Polymer quantization versus the Snyder noncommutative space

TL;DR

This paper explores a noncanonical polymer quantum mechanics framework, revealing modifications to the Heisenberg algebra and potential links to string theory's generalized uncertainty principles, while maintaining similar physical results to standard quantum mechanics.

Contribution

It introduces a noncanonical Hilbert space representation of polymer quantum mechanics and connects it with Snyder-deformed algebras and generalized uncertainty principles.

Findings

Modified Heisenberg algebra leads to a generalized uncertainty principle.

Noncanonical Poisson brackets relate to canonical ones via Darboux transformation.
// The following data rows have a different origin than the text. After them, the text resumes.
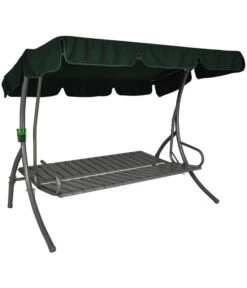 Angerer Hollywoodschaukel Trend, Design Korfu Grün, 3-Sitzer -Garten im Freien 1689819 WE FS 003 TrendHollywoodschaukel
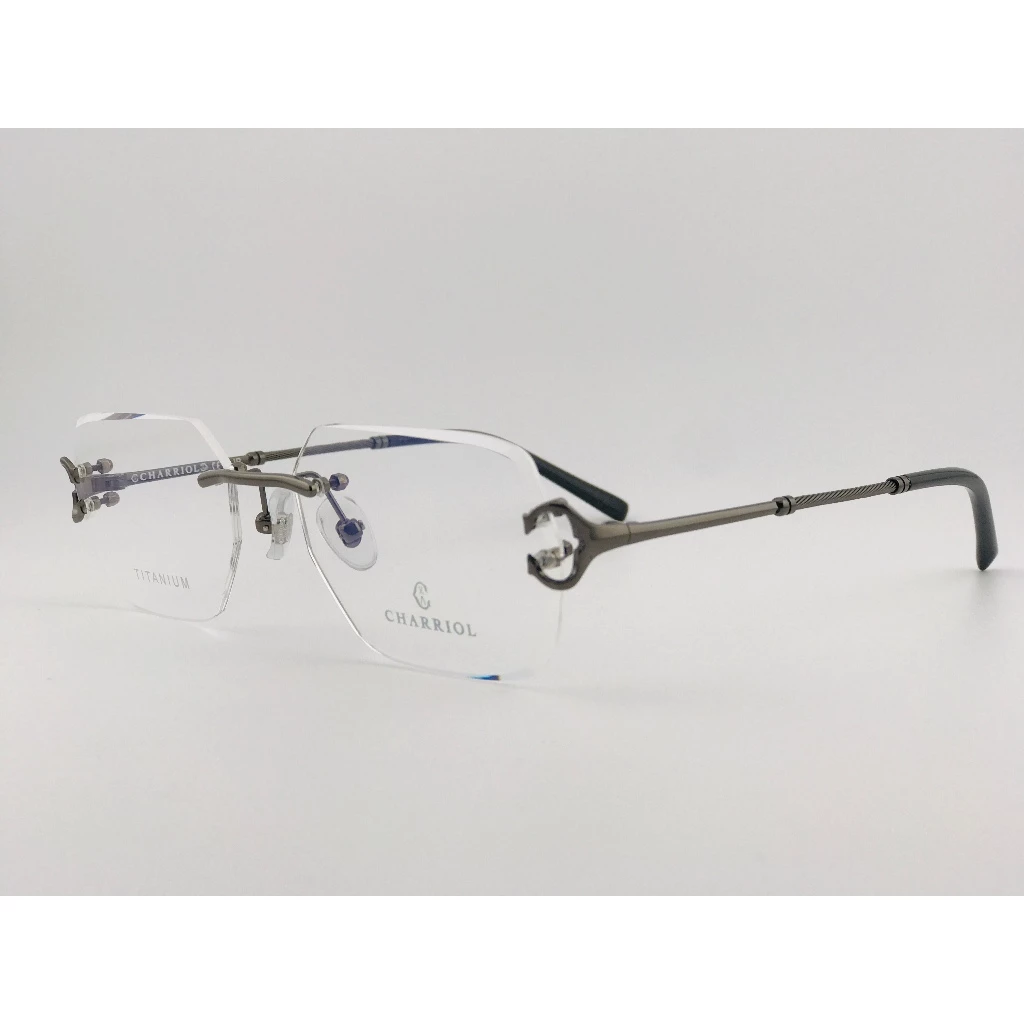 全新 瑞士精品品牌【CHARRIOL 夏利豪】L-6083-C03 光學眼鏡 鏡框 鈦金屬 鋼索設計 純鈦/β鈦材質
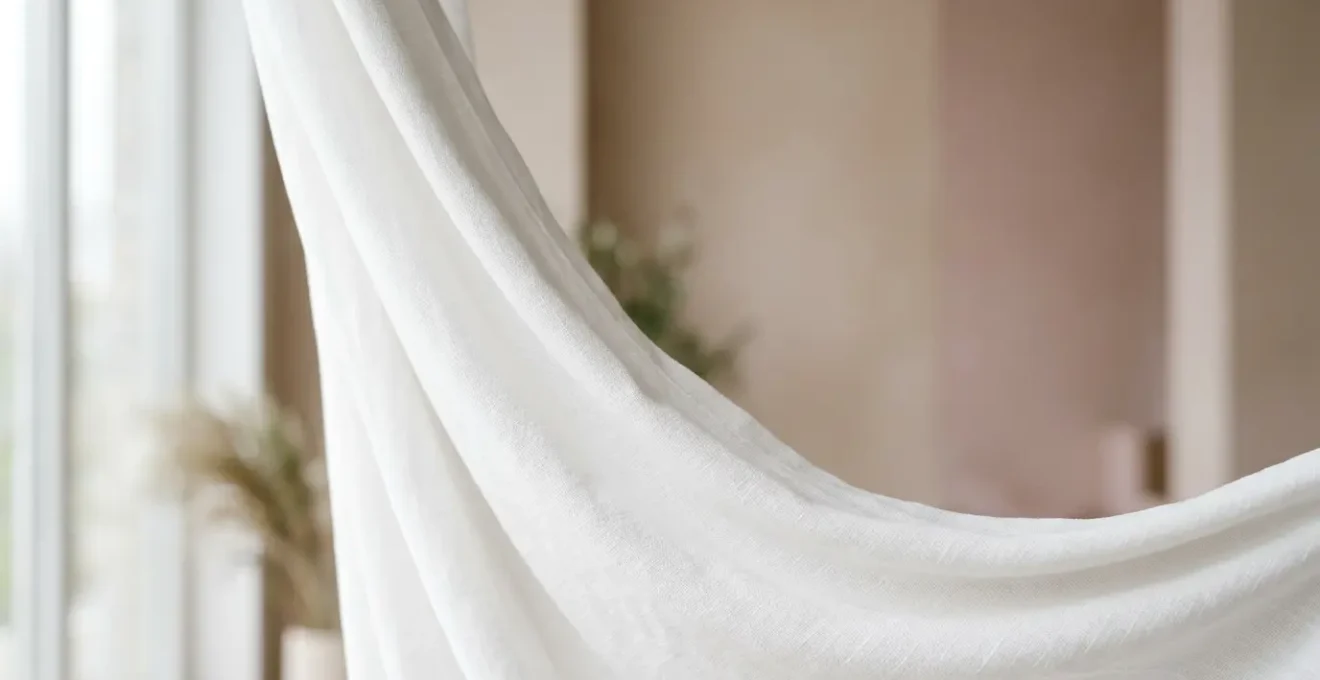 Composition minimaliste évoquant l'élégance discrète de la lingerie invisible sous une robe blanche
Translation group remains undeformed in the Snyder-deformed algebra.

Abstract

We study a noncanonical Hilbert space representation of the polymer quantum mechanics. It is shown that Heisenberg algebra get some modifications in the constructed setup from which a generalized uncertainty principle will naturally come out. Although the extracted physical results are the same as those obtained from the standard canonical representation, the noncanonical representation may be notable in view of its possible connection with the generalized uncertainty theories suggested by string theory. In this regard, by considering an Snyder-deformed Heisenberg algebra we show that since the translation group is not deformed it can be identified with a polymer-modified Heisenberg algebra. In classical level, it is shown the noncanonical Poisson brackets are related to their canonical counterparts by means of a Darboux transformation on the corresponding phase space.